Si de l’eau devait arriver jusqu’aux argiles à Opalinus situées sous terre, elle ne les traverserait pas. Lorsque la roche entre en contact avec l’eau, elle gonfle et se colmate. Ce phénomène est déjà perceptible sur le chemin dans le laboratoire souterrain à Saint-Ursanne. Il traverse ainsi d’abord des roches calcaires où l’eau se déplace sans problème. Le fluide s’écoule ici des parois du tunnel. Des flaques se trouvent en conséquence sur la chaussée. Dans le secteur des argiles à Opalinus, cette même chaussée est sèche. L’eau ne ruisselle plus. Si une fissure devait se former dans les argiles à Opalinus, la roche serait en mesure de la refermer en gonflant.

 

Les argiles à Opalinus remplissent des exigences élevées

Les roches argileuses comportent aussi des désavantages pour le stockage des déchets radioactifs. Les déchets hautement radioactifs sont toujours chauds en raison de la chaleur résiduelle. Contrairement au sel ou au granite, les argiles à Opalinus évacuent mal la chaleur. Les conteneurs stockés dans un dépôt en profondeur ne doivent donc pas émettre trop de chaleur. Les argiles à Opalinus seraient sinon échauffées de manière excessive, causant des dommages à long terme.

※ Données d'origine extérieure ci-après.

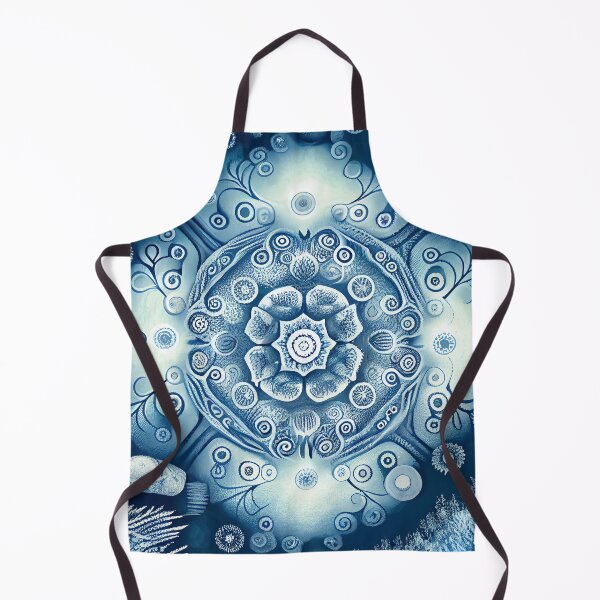 Aperçu de l'œuvre Bright Blue Drawn Snowflake Design Digital Painting créée et vendue par CodeAndColors.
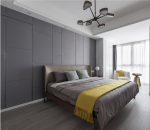 鸿华城现代风格107平米三居室装修效果图案例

Cette question explique aussi pourquoi des recherches intensives sont menées au laboratoire souterrain de Saint-Ursanne. Un dépôt en couches géologiques profondes doit garantir la protection de l’être humain et de l’environnement sur de très longues périodes. Ce sont 100 000 ans pour les déchets faiblement et moyennement radioactifs. Il s’agit d’un million d’années par les déchets hautement radioactifs. Le dépôt en couches géologiques et la roche d’accueil doivent donc satisfaire aux exigences de sécurité les plus élevées. La sécurité a la plus haute priorité dans le cadre de la procédure de recherche de sites pour les dépôts en couches géologiques profondes. Comme le démontrent jusque-là les recherches au Mont Terri, les argiles à Opalinus remplissent ces exigences élevées.